In Benny Elon's conversations with Evangelicals, he attempts to build a sort of parallel between America and Israel, a parallel that relates to the concept of "heartland." In American politics, the term usually refers to the American south and midwest, the simple America that believes in God, maintains high conservative values and is light years away from the America of New York and Los Angeles. It is the America that sent George W. Bush to the White House. "The Israeli heartland is Judea, Samaria and Jerusalem, and just as the Americans suddenly discovered their heartland when they saw the results of the recent elections, I believe that they will now discover our heartland, as well," says Elon.

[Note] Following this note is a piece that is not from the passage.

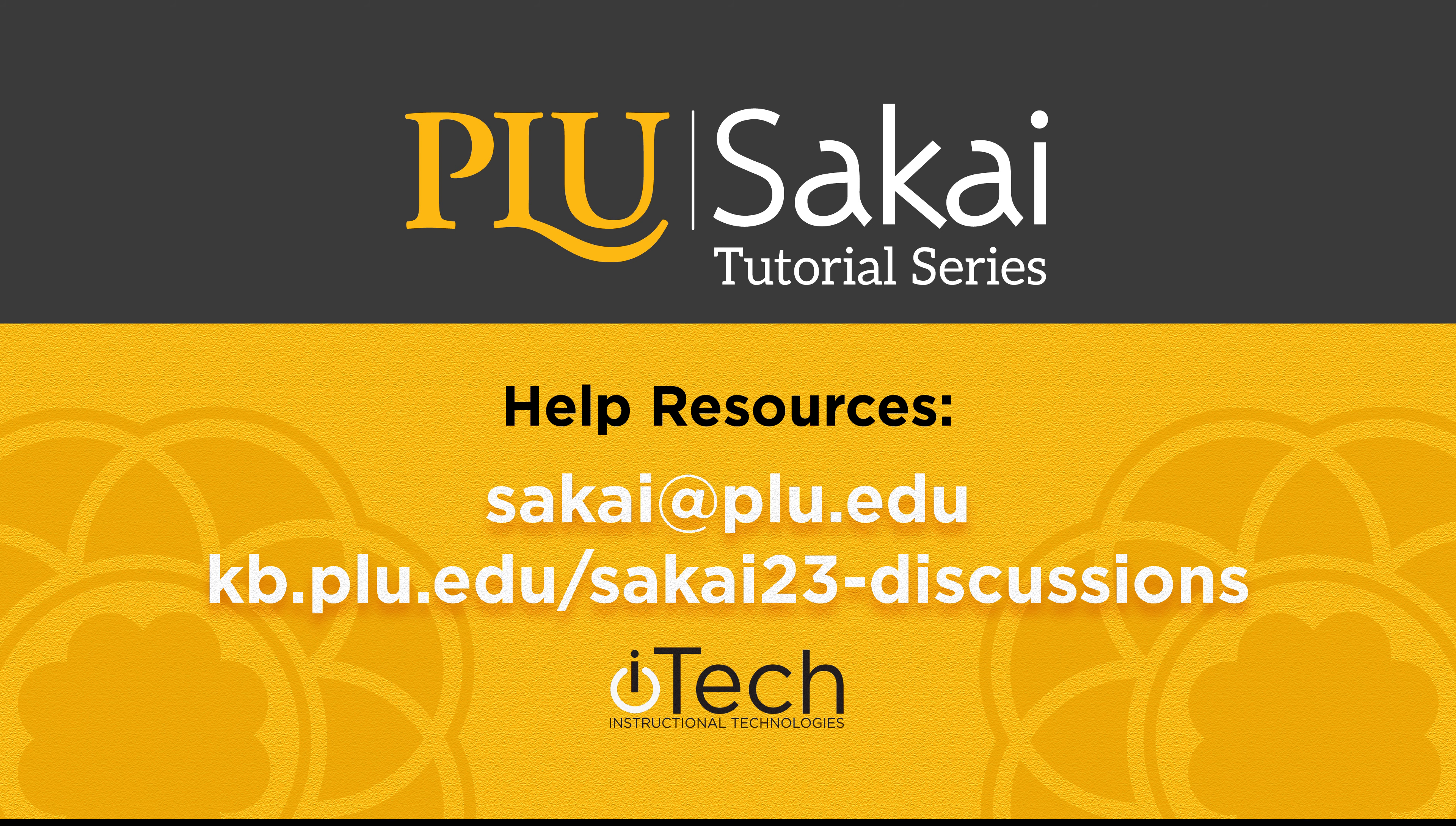More information about the Discussions tool can be found in our other videos or by visiting the PLU Knowledge Base.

But his objective is not necessarily the enlistment of millions of Christian believers in a struggle against the disengagement plan. Elon wishes to hold these forces in reserve for the big upcoming struggle over the future of the Land of Israel. "We have to exploit this for the long term," he says, "for another year or two, when they will have 100 or 200 Congressmen who can support the annexation of Judea and Samaria. I am not in favor of last-minute action meant to save a single settlement."

It should be noted that this political prediction is controversial. The political might of the Evangelicals in Congress at present is minimal and even if, as Elon claims, they are joined by Jewish legislators and other supporters of the Greater Land of Israel, it is still hard to envision hundreds of Congressmen voting in favor of annexation of the territories to Israel.

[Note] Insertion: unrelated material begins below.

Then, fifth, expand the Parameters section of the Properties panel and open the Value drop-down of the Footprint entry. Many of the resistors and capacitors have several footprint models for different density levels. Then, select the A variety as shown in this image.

The key question that still remains unanswered relates, then, to the ability of the Evangelical Church to supply the goods and aid its friends in the Israeli right. When the administration formulated its new approach to the Middle East two years ago and devised the road map, an attempt was made to enlist Christian believers in the struggle on behalf of the Land of Israel and against the administration's program. Billboards called on believers to phone the White House and tell the president that they do not agree with the division of the Land of Israel. There were some who amused themselves with the notion of President Bush being afraid to lose the votes of his most devoted supporters in the election and therefore withdrawing the road map. Then again, no such thing happened - Bush promoted the road map and the two-state vision and the Evangelical Christians voted for him anyway.

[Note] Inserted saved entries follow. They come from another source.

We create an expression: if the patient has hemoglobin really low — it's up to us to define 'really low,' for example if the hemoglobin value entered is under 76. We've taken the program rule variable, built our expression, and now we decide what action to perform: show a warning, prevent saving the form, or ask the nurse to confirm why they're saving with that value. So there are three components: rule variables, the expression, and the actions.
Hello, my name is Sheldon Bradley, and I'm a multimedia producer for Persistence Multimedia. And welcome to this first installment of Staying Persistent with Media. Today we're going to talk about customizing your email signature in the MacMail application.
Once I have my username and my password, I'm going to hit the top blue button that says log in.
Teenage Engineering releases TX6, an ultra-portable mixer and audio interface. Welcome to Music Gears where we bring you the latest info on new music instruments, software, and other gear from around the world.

In the second term, will Bush be more attentive to his constituency and become a supporter of the Greater Land of Israel? Elon believes so. He understands the political needs of the president that prevented him from exhibiting such an approach in his first term, but now he feels that Bush, liberated from the political pressures of reelection, "will go back to himself," as Elon puts it. "There is a good chance that in his second term he will be with us and will not give a darn. I am betting on it. I believe that the legacy he wants to leave behind him will be one of the leaving a biblical mark on the Land of Israel."